There’s a part of me that wonders if “Anna” was written a decade or two ago and sat around. Not only does it feel a bit amateurish compared to the recent films that director Jorge Dorado delivered with “Non-Stop” and even “Orphan,” but the subject matter seems more steeped in the 90s than in the 21st century.
In particular, the idea of remote viewing went out of style when Art Bell publicized the remote viewing of comet Hale-Bopp, which some speculate led to the mass suicide in the Heaven’s Gate cult in 1997. That was a devastating blow to remote viewing, even though it didn’t directly lead to the suicide of some obviously mentally unsound people. Still, these events tarnished the concept of remote viewing and made it even more fringe than the fringe science it inhabited.
With all that said, the pseudoscience around which this is based isn’t really remote viewing, which is leaving your body to view something in real-time at a different physical location.
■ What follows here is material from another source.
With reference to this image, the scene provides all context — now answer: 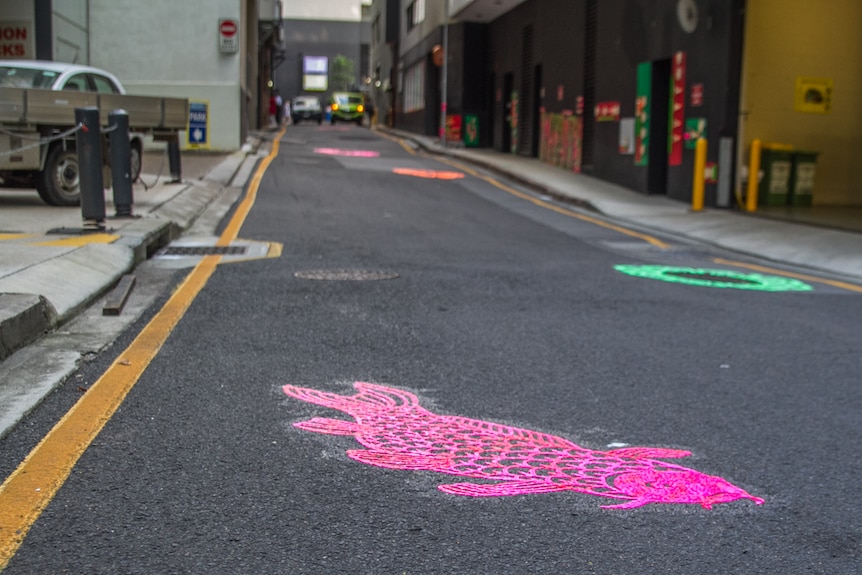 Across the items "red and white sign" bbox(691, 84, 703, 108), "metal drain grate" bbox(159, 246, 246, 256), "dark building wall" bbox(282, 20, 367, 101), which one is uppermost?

Yeah, that’s semantics, but it bothers me, and this is why I wonder if the remote viewing angle was a remnant of a bygone script from the 90s.
Still, “Anna” has a certain degree of punch to it. Framed as a psychological thriller, the acting is decent, and there are some genuinely creepy moments. The film is shot as a horror story, and while it never really settles into that distinction throughout the movie, the elements are there. As a fan of the genre, I appreciate the flattery, but it might have been better to be delivered as a straightforward crime thriller. Even with the supernatural element, this would have felt more at home.
The problem is that the story tends to turn in on itself at times, making it hard to follow and using the remote viewing and psychic aspect as a patch to make a less-than-compelling narrative more interesting. The film also uses dream logic that seems more at home in “Suspira” and “Phantasm,” when the framework of a disturbed and potentially psychotic individual is actually more chilling because it’s more realistic. “Anna” plays with horror conventions but never really gets to the point of delivering real shocks.